2) Shellsort: Shellsort [7] is a comparison based in-place sorting algorithm. It starts by sorting elements far apart from each other and progressively reduces the gap between them. It is computation intensive (primarily comparing and swapping elements) and the workload reduces gradually because more elements will be in a relatively sorted order toward the end of the program (i.e. less swapping will occur). The shellsort implementation that we measure is also parallelized with OpenMP to sort 100 million numbers. The "parallel for" pragma that surrounds the computation portion of the algorithm divides the data set evenly among the requested number of threads.
3) SSSP:
Single Source Shortest Paths (Dijkstra's algorithm) [8] is a graph searching algorithm that returns the shortest distance between two chosen nodes of a graph. SSSP is a typical example of an unbalanced workload. We can see a spike (as shown in Fig. 3 ) at the end of SSSP because the amount of parallelism available during the execution of SSSP varies with the number of neighbors during each iteration. For each iteration, threads are created and compute the distance of each neighbor before moving on to another node. The number of neighbors varies from node to node, so the amount of parallelism changes throughout the runtime of SSSP. Choosing different source nodes for SSSP will change the time when high degree of parallelism occurs during execution since it will propagate through the graph from a different starting location thereby hitting those sections with high degree of parallelism at different times. The SSSP implementation that we measured is parallelized using OpenMP and takes an input graph with 265,000 nodes and 733 edges. The main computation is surrounded with a "parallel for" pragma, thus each thread is given an iteration to execute. Each iteration is assigned to a starting graph node in SSSP, thus each executing thread will have a different amount of computation to perform based on the number of neighbors that each graph node has.
4) Fibonacci:
Fibonacci sequence [9] is a well-known math problem. The Fibonacci calculation code that we measure calculates 45 Fibonacci numbers (i.e. Fib(2), Fib(3), ... , Fib (46)). Each Fibonacci calculation generates a task, which recursively calculates the respective Fibonacci number of the sequence position. Each task will be assigned to a waiting thread to complete the actual computation of a Fibonacci number. Since the work required to calculate large Fibonacci numbers (e.g. Fib (46) and Fib (45)) is much heavier than small Fibonacci numbers (e.g. Fib(2) and Fib(3)), this implementation has an skewed (i.e. highly unbalanced) workload.

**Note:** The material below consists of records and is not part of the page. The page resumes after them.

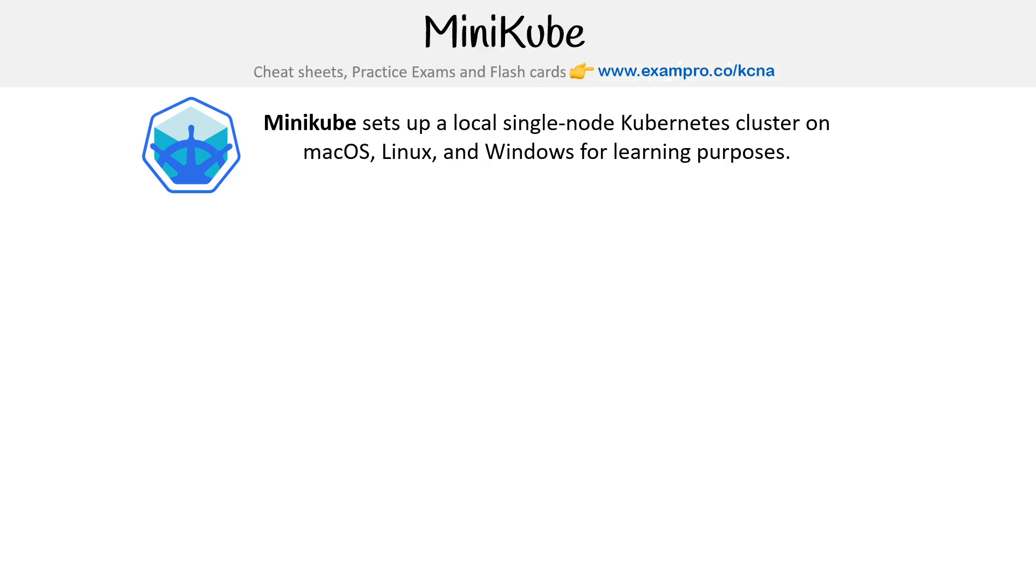All right, let's take a look at Minikube. It sets up a local single-node Kubernetes cluster on macOS, Linux, and Windows for learning purposes.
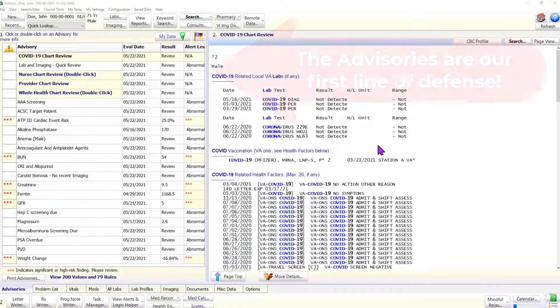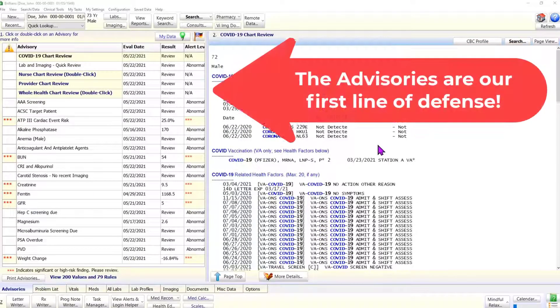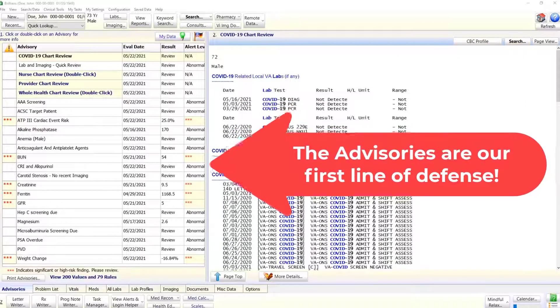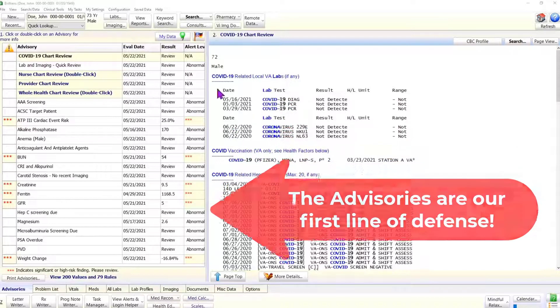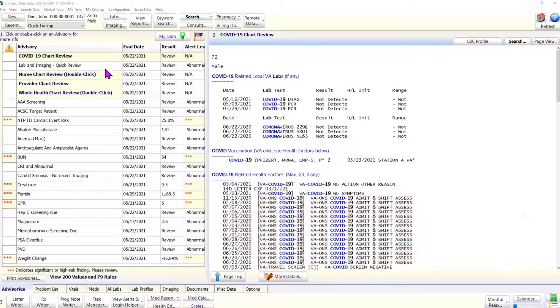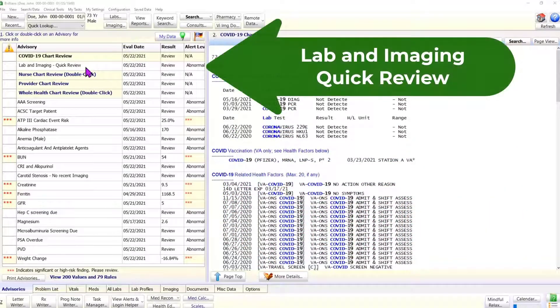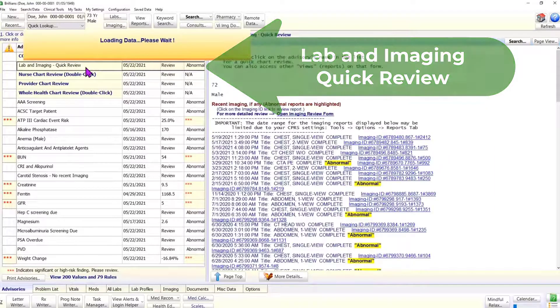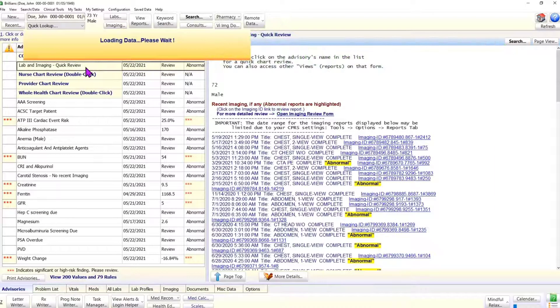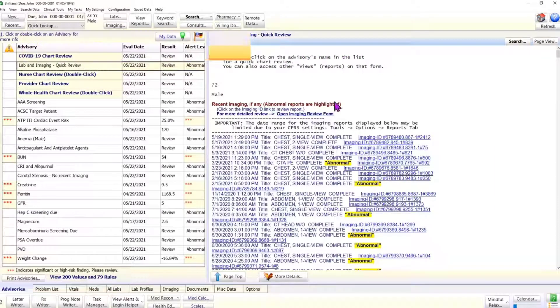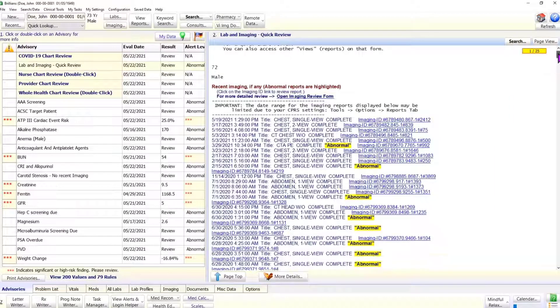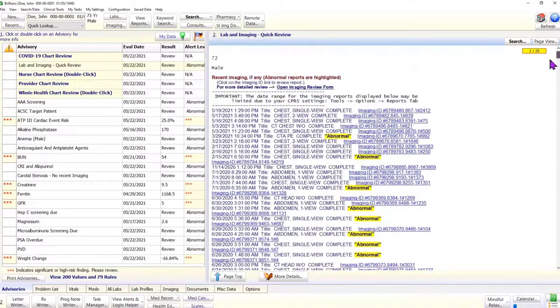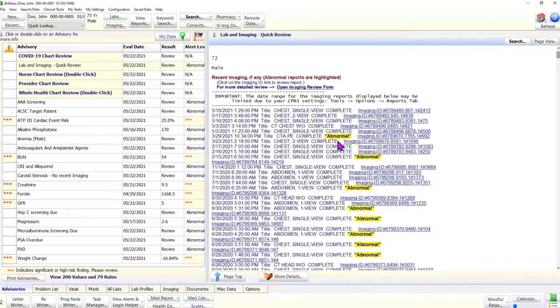In Brilliance, the first line of defense are the advisories. Please click on the advisory name, lab and imaging quick review. This advisory displays the list of recent imaging studies. The reports which are flagged as abnormal by the radiologist are clearly highlighted.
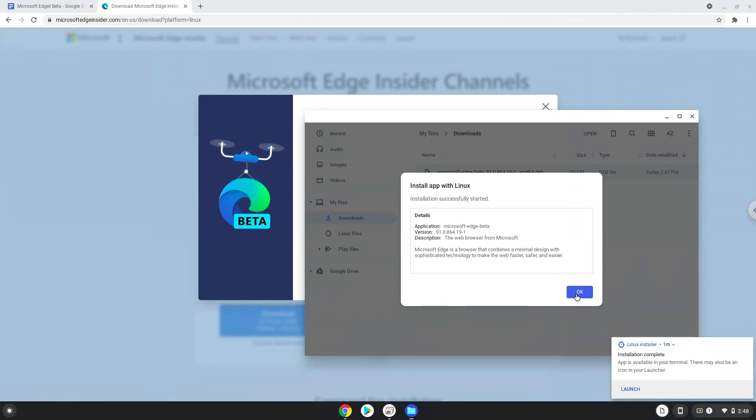Now we will launch it from the Linux terminal to increase the performance of the application. The command is in the video description.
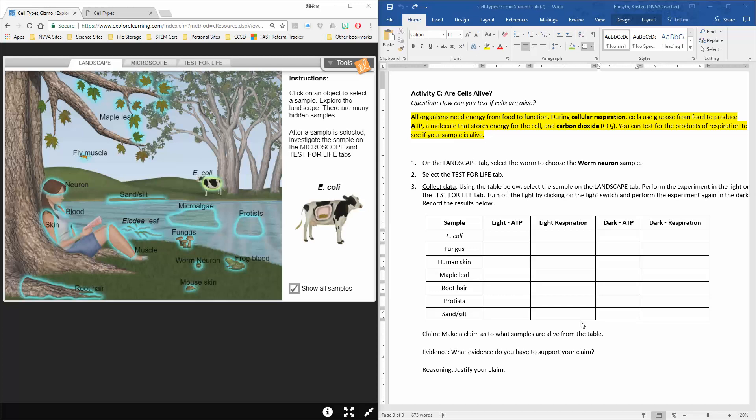Hello biology students! Ms. Forsyth is coming at you today. I am going over how to complete Activity C on our cell types gizmo lab.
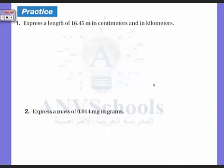Hello, welcome to the practice question for conversion factors. We looked at conversion factors and we said the conversion factor is a ratio derived from the equality between two different units that can be used to convert from one unit to the other.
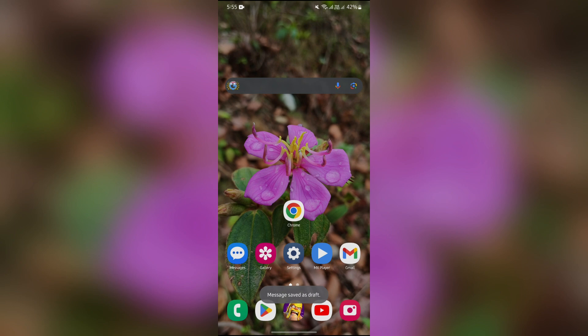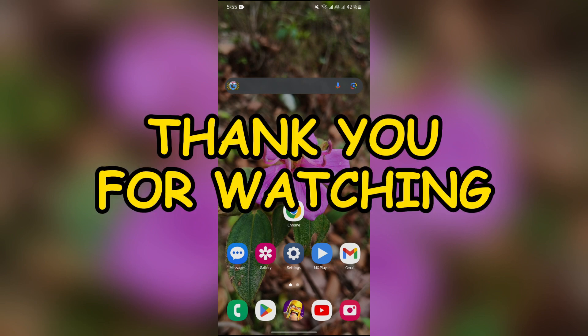I hope this video was helpful for you. If yes, don't forget to like, share, and subscribe to the channel to never miss another update. Thank you for watching the video.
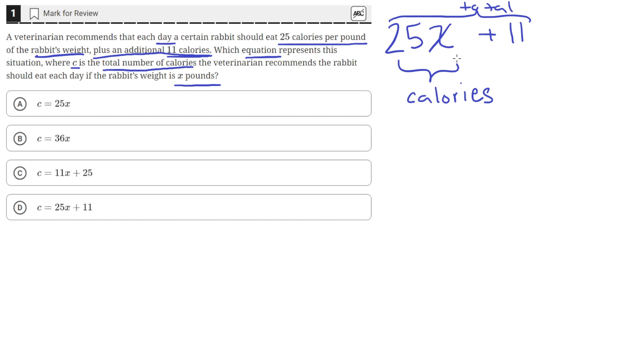So this quantity here, 25X plus 11, is equal to C, because the problem statement said that C is the total number of calories. So this equation here is this equation here. So answer choice D is the correct answer.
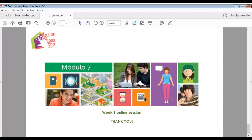Gracias a ti, Julio, y gracias a ti, Moni. Pues con eso creo que cerramos la sesión. Si tienen cualquier duda o pregunta, estoy a sus órdenes en la plataforma y en los correos electrónicos — en López G. Laura y en English.module7@gmail.com. Muchísimas gracias por haber estado aquí.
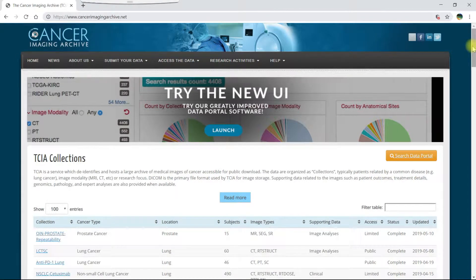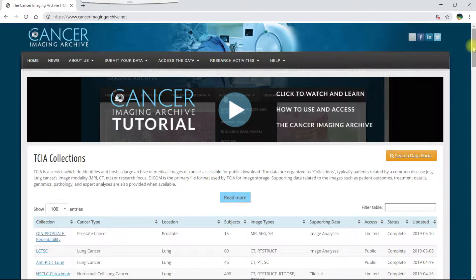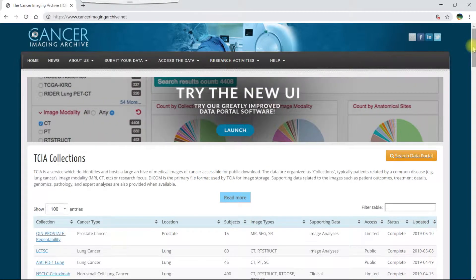Welcome to this video tutorial that explains how to use the data cart in the TCIA data portal. Let's start on the TCIA homepage at cancerimagingarchive.net.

III. XEON PHI POWER MEASUREMENT
The energy consumption of computer components can be obtained either via power models or direct measurement. The idea of power modeling (a.k.a indirect measurement) is to estimate the power consumption of a node by correlating power with hardware performance counters or other events. Two widely-used CPU power models are Wattch [10] and McPAT [11] . Direct measurement methods periodically profile the current and voltage samples, calculate the power by multiplying the two values, and compute the total energy as the integral of the power over the execution time. WattsUP [12] is a widely used power meter that can directly measure the total energy consumed by an entire node. While WattsUP is easy to use but its sampling frequency is very low (1 Hz). More importantly, it cannot profile power of individual component(e.g. CPU or DRAM), which makes it insufficient to analyze the energy-efficiency of complicated code. To tackle this problem, several tools have been developed to provide finegrained power consumption information. PowerPack [13] is the most well-known tool, which was developed at Virginia Tech for the power-aware cluster -System G [14]. PowerPack is able to measure the power consumption of individual components (e.g., the CPU or DRAM) within a node. However, its profiling approach is fairly expensive, difficult to implement, and hard to scale. Another widely used tool is PowerMon [15] , [16] , which comprises a power monitoring card that plugs into the motherboard. Compared to PowerPack, PowerMon is cheaper and easier to implement because it only contains a single integrated circuit (no wiring or soldering required). However, it can only measure limited number of channels. Sandia National Laboratory also made substantial efforts in developing component-level power measurement tools for largescale systems [17] , [18] , [19] . They recently presented the PowerInsight tool [20] , which can instrument accelerators that draw power from the PCI bus and external power supplies. It is worth noting that built-in power sensors also gain popularity in accelerators and co-processors. For example, GPUs such as Tesla C2075 and K20 and Intel Xeon Phi both include on-board power sensors that allow direct power measurement while a program is running [21] .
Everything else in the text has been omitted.